Exceptionnellement, cette rubrique n’abrite pas une interview, et pour cause. Pourtant, le prometteur Benjamin Boutin, avec déjà 14 victoires, n’aurait pas tardé à passer sous le feu des questions de ce site : il était « programmé », dès qu’il en ajoutait une « belle » à son palmarès. Mes amis jockeys, j’en suis certain, auraient jugé indécent de mettre le doigt sur les prouesses de tel ou tel, connu ou non, et de passer sous silence le décès de l’un des leurs.
Moi-même ne m’en sentais pas la volonté.
Benjamin venait de fêter ses 21 ans, un avenir plutôt rose se dessinait dans son ciel sans nuages.
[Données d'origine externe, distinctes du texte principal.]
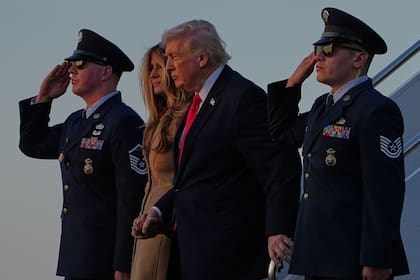 El presidente Donald Trump y la primera dama Melania Trump llegan en el Air Force One al Aeropuerto Internacional de Palm Beach en West Palm Beach, Florida, el 13 de febrero del 2026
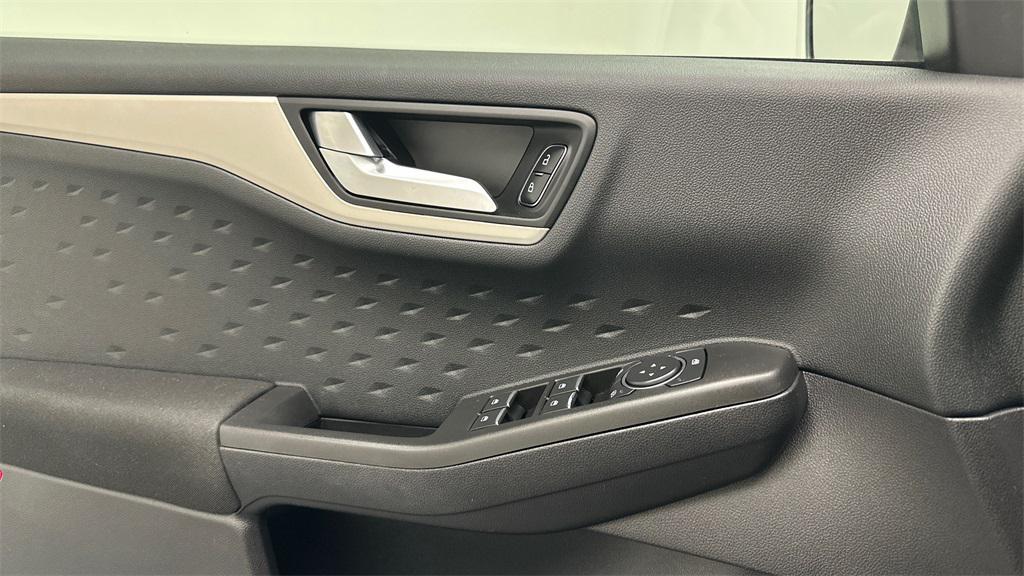 used 2020 Ford Escape car, priced at $14,994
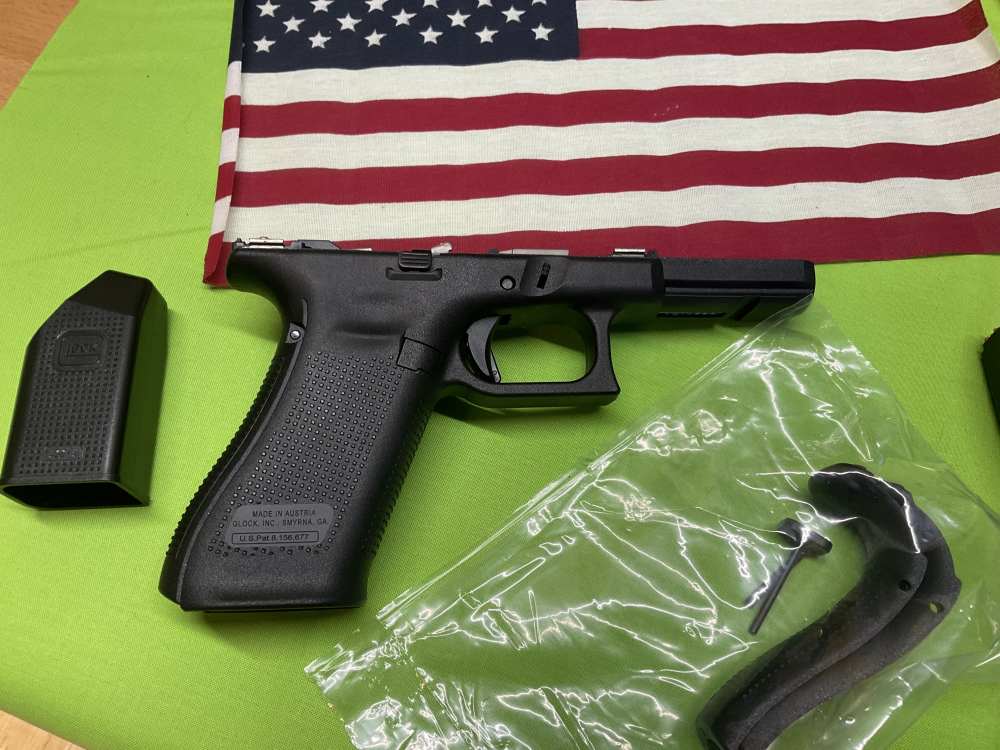 Hard to find - Glock 17 Gen V Complete Lower Receiver Frame - Brand New-img-10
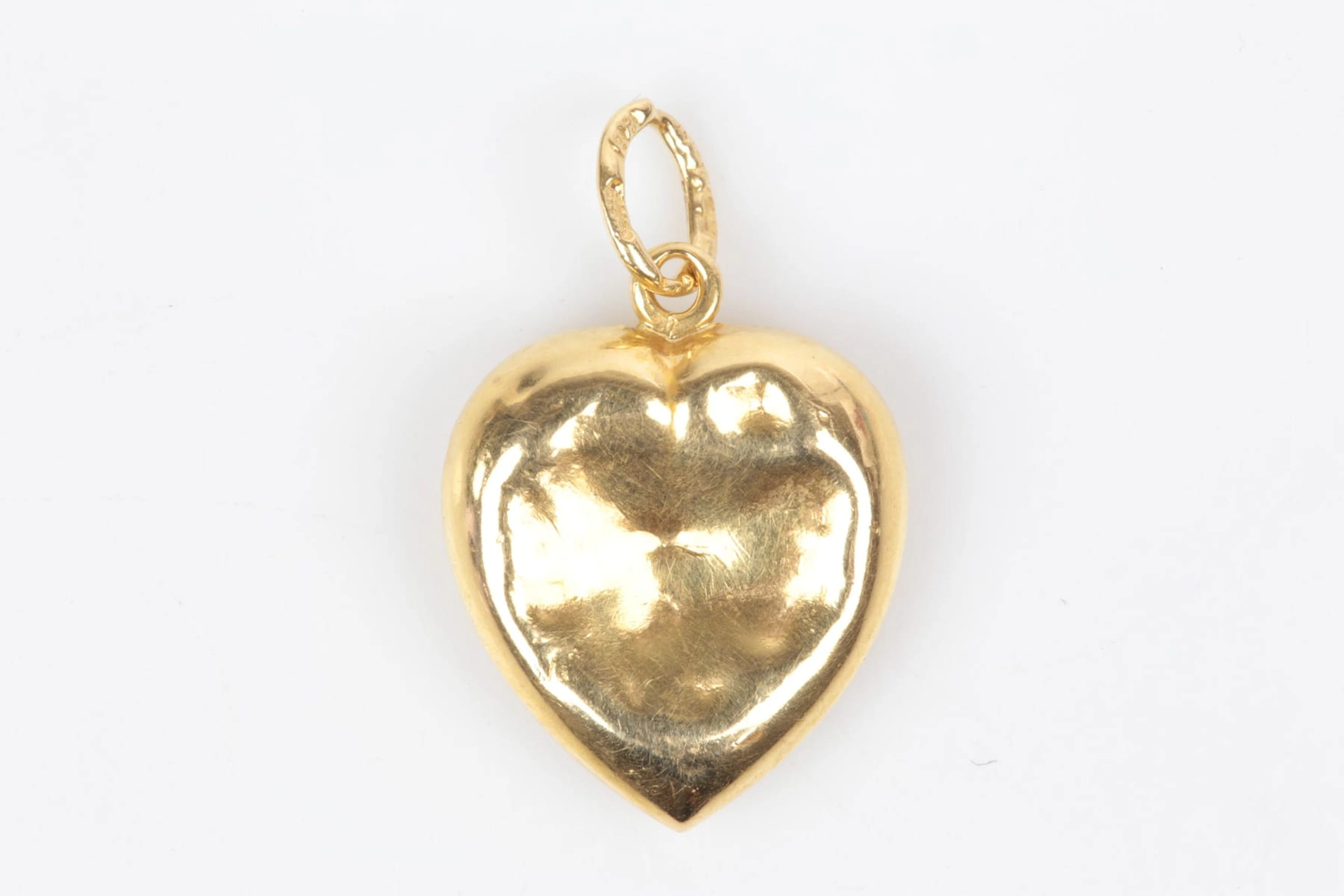 HÄNGE, hjärta, grövre bucklor, guld, 18 k, ca 1,02 g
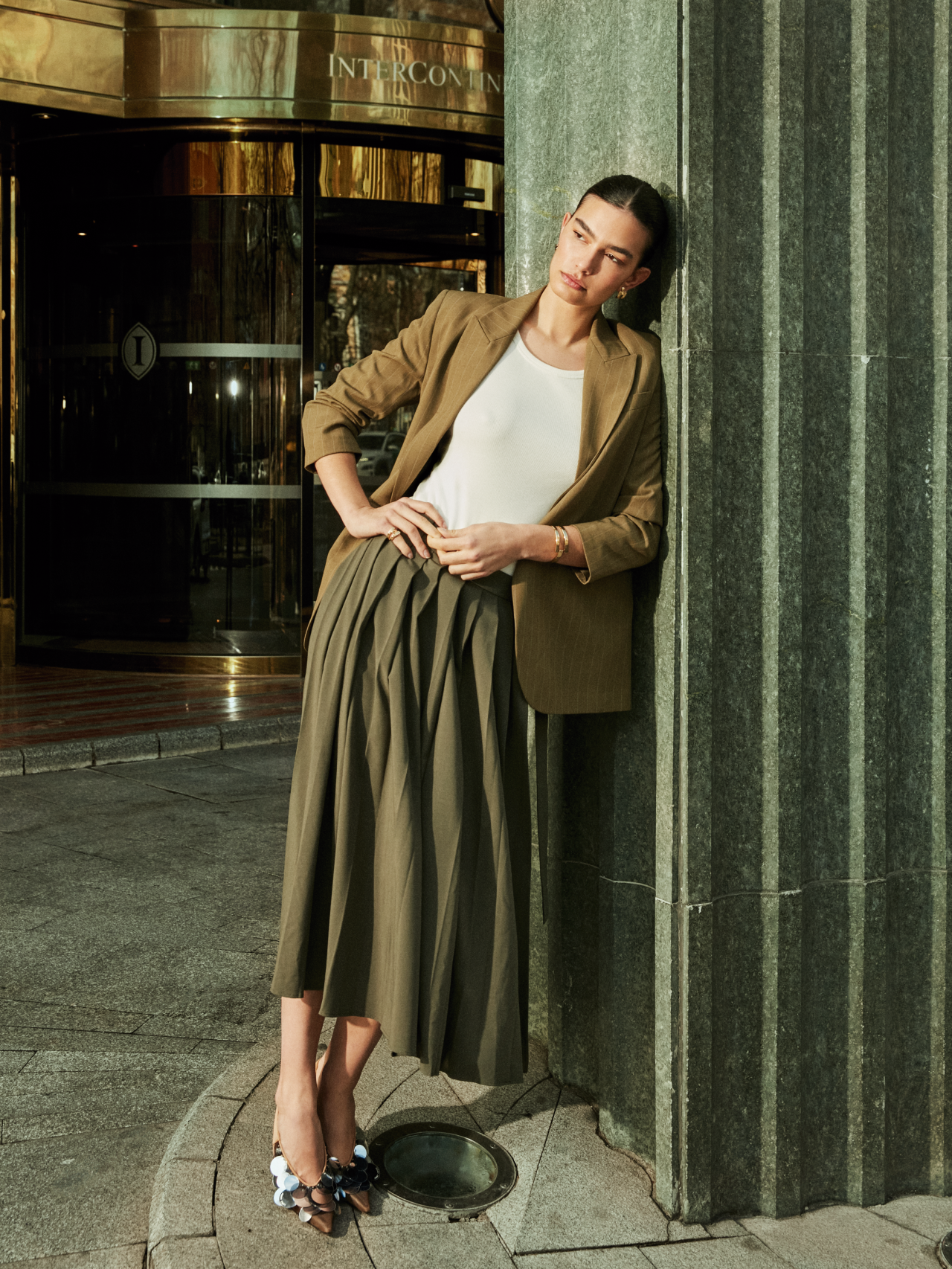 Foto dos de la cabecera de los looks de oficina de Magas
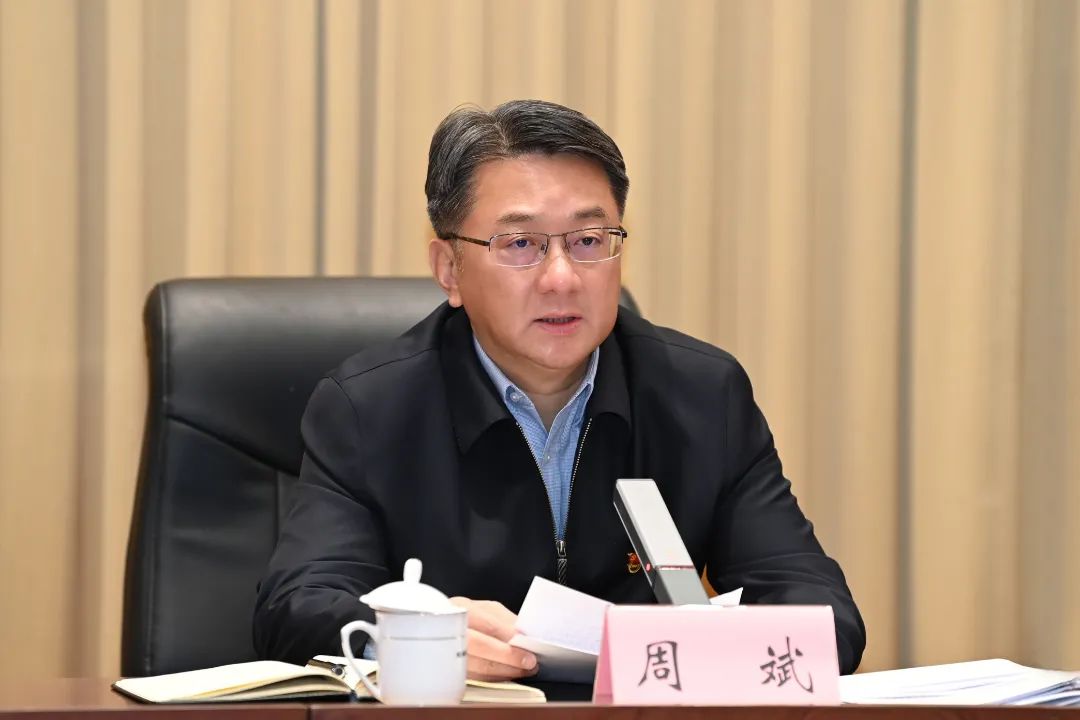 周斌指出,2021年,全市上下认真贯彻落实中央和省委部署要求,紧盯"国之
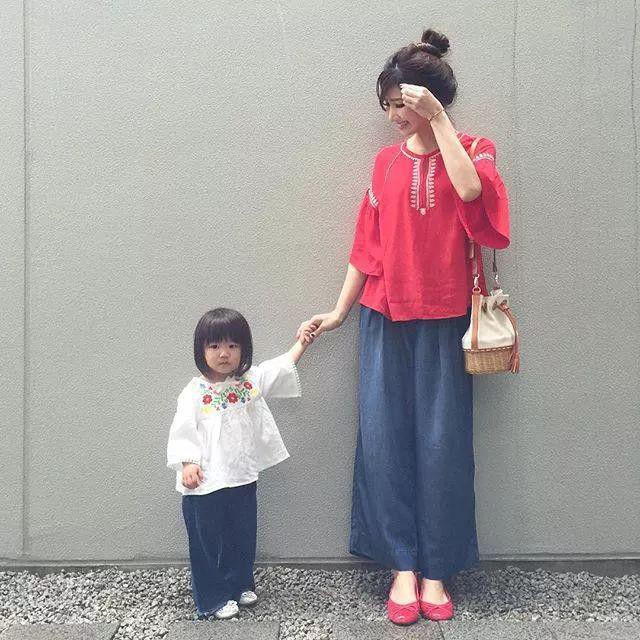Chỉ đứng chụp ảnh đồ đôi chung với con gái, nữ blogger người Nhật bỗng nổi tiếng khắp mạng xã hội - Ảnh 2.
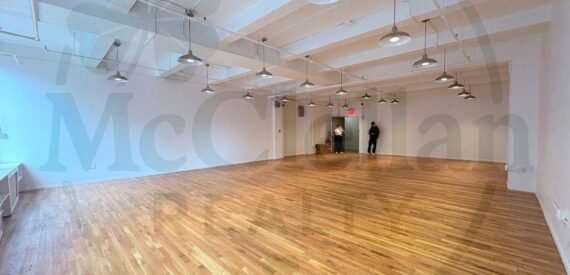 Wide Office Loft, Hardwood Floor, Nice Aesthetic (Midtown West)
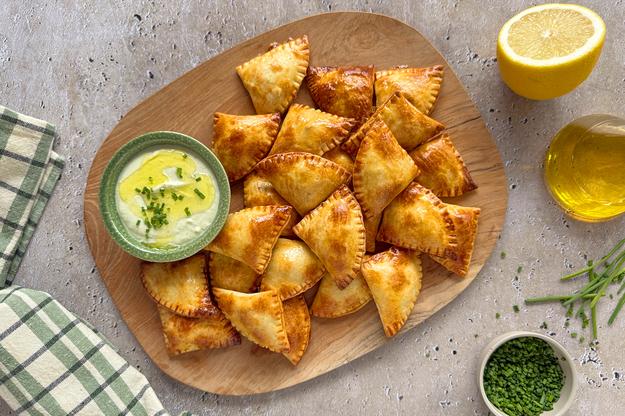 Triángulos rellenos con dip de feta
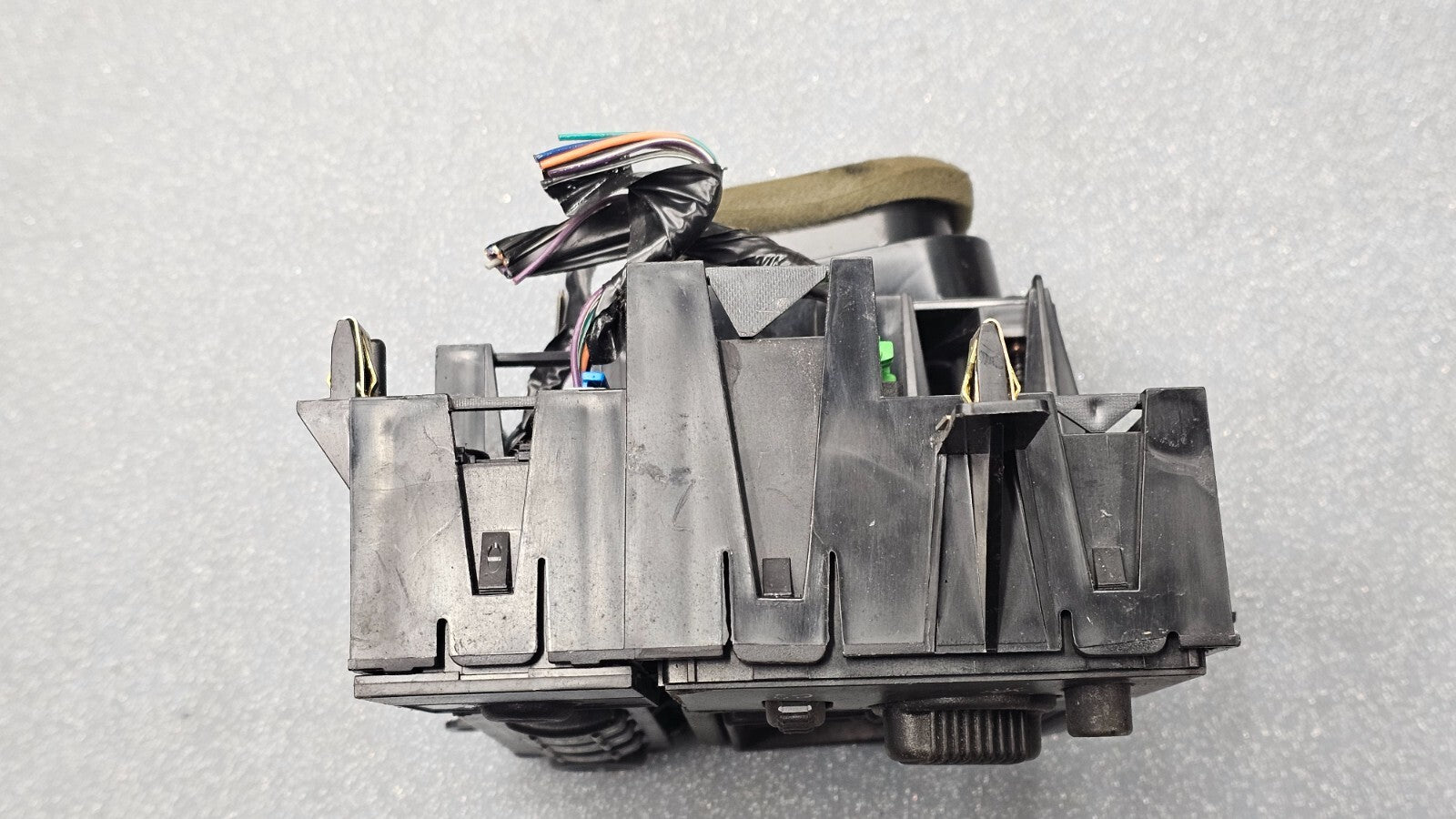 🔥99-06 Chevy Silverado Sierra Headlight Switch left Driver Air Vent Black HS19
Tous les témoignages de ses différents « patrons » sont unanimes : travailleur, jovial, doué, d’humeur toujours égale, on ne lui trouvait pas de défauts… Il était en train de pousser encore plus loin ses rêves, le premier ayant été, déjà, de monter en course. Beaucoup lui prédisaient une belle carrière…
Et puis, ce sale samedi 26 novembre, par un sale temps à Argentan, la « sale » chute. Collective, de plus, comme il peut en arriver de temps à autre, en plat. Mais, là, ce fut une séquence d’épouvante, un subit amalgame de chevaux et de cavaliers plus ou moins écrasés… J’imagine la réaction des proches, plus exacerbée encore que celle des turfistes présents sur l’hippodrome et des téléspectateurs d’Equidia, les cris irrépressibles de tous, avant l’attente angoissée de nouvelles rassurantes… Qui ne viendront pas, pour Benjamin. Sylvain Bellanger se relèvera avec une clavicule cassée, Teddy Richer avec une fracture de l'omoplate. Mais tous deux, comme tous les participants à cette course de "mômes" garderont des cicatrices, irrémédiables, dans leurs têtes...
Le lundi matin, en état de mort cérébrale depuis l’accident, Benjamin nous a quittés.
Il est venu s’ajouter à la triste liste, depuis une quarantaine d’années, des D. Carlotti, C. Morice, François Desdoit, Michel Battut, Daniel Merle, B. Florentin, Bernard Monnier, M. Viganigo, M. Bellanger, Guy Hunault, Christian de Saint-Martin, Laurent Bruna, Jean-Claude Certené, Hervé Praud, Hélène Texier, Roger Duchêne, Christophe Carot, Michel Linarès, Hervé Ginoux, Sandrine Boisnier, Nathanaëlle Artu, ou Guillaume Javoy, qui ont tous laissé sur la piste leur passion et leur vie. La passion de leur vie. D’autres, comme Didier Mescam ou Patrick Havas ne sont pas revenus d’une séance d’entraînement, et, pour ne pas remuer davantage de douloureux souvenirs, je ne ferai qu’évoquer les Daouda Ka, Bruno Monville, Jeanne Dufour, Valérie Sallès, Anthony Carré, Sylvain Hureau, Franck Hélary, Davy Jeffrard et autres Vincent Suscosse – j’en oublie volontairement -, qui se sont tous gravement blessés et ont dû abandonner « le métier »…
Chaque année, les « chiffres noirs » diminuent, grâce au travail incessant des membres de l’Association, qui se rendent partout en France pour améliorer la sécurité, et aux organisateurs de compétitions qui les écoutent. Mais le risque « zéro », comme partout, n’existe pas.
En ce qui concerne Benjamin, comme pour tous les accidentés, ce n’est évidemment pas de gaîté de cœur que « l’Asso » prend tout en charge (financièrement parlant, aussi), de A à Z, ici des obsèques à toutes les « formalités » administratives.
Ne voyez surtout en rien, dans ces lignes, une « publicité » plus que déplacée : des faits, hélas, trop réels, qui justifient « l’autre côté » du Gala des Courses et les appels aux dons, de toutes parts.
Un Petit Prince est mort… J’espère que, là-haut, Saint-Exupéry lui dessinera un beau petit cheval. Celui que Benjamin avait dans le cœur.